Lynne Kiesling
Macroeconomics and I have never gotten along, and for years I couldn’t figure out why — I’ve just never understood much of the underlying logic, why the analyses start where they do and make the assumptions they do (the only exception to this is my undergrad class with William Hart at Miami when we worked through Malinvaud’s Theory of Unemployment Reconsidered). By nothing more than tenacity and stubbornness I managed to pass enough macro to be accepted into the economics guild.
This recession and the policy debates in it are clarifying some ideas that resolve my cognitive dissonance, the largest of which is the central role of consumption in Keynesian economics. This focus on consumption as the first step in the causal link that leads to underemployment in equilibrium seems to invert the causality of value creation embedded in all other economic models, which start with the production of compelling value propositions that attract customers. This shift in focus to consumption pivots on how Keynes’s model, and Keynesian models, treat Say’s Law. The Keynesian interpretation of, and rejection of, Say’s Law provides the justification for focusing on aggregate demand in general, and consumption in particular, as policy levers during business cycles.
In August Steve Horwitz wrote a clear analysis of the interpretations of Say’s Law, and it’s a good place to start. After quoting Say’s Treatise on Political Economy, he notes that:
… Say was making the claim that production is the source of demand. One’s ability to demand goods and services from others derives from the income produced by one’s own acts of production. Wealth is created by production not by consumption. My ability to demand food, clothing, and shelter derives from the productivity of my labor or my nonlabor assets. The higher (lower) that productivity, the higher (lower) is my power to demand.

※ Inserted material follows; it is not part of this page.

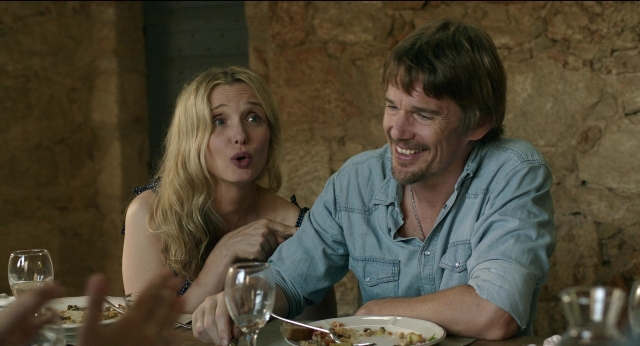 Wide shot frame from Before Midnight — sitting, table, dialogue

This is different from, and more nuanced than, the terse “supply creates its own demand” interpretation that Keynes placed on Say. It’s also not very different from Smith, Ricardo, or Mill in their articulations of the central role of productive activity in creating value, and hence economic growth. Steve goes on to discuss how Say’s Law and its operation in real economies also depends on money markets and how the banking system operates, and how Say’s Law does still admit the possibility of underemployment in equilibrium; my summary here does not do Steve’s argument justice, so I encourage you to read it yourself.
This prelude sets up a blog post from Robert Higgs on Friday that lit a light bulb of comprehension for me with respect to the current policy proposals to “create jobs” to increase consumption to increase aggregate demand to end the recession. Bob points out that if you take the domestic national income accounting relationship (Y=C+I+G), and if you look at data on consumption and government spending, they are both above pre-recession levels. Consumption as the laggard in aggregate demand is not driving the recession. Nor is government spending, which is clearly high.
The economy remains moribund not because consumption spending has failed to recover and not because government spending has failed to increase, but because the true driver of economic growth—private investment—remains deeply depressed. Gross private domestic fixed investment fell steeply after the second quarter of 2007, and in the second quarter of 2011 it remained 19 percent below its pre-recession peak.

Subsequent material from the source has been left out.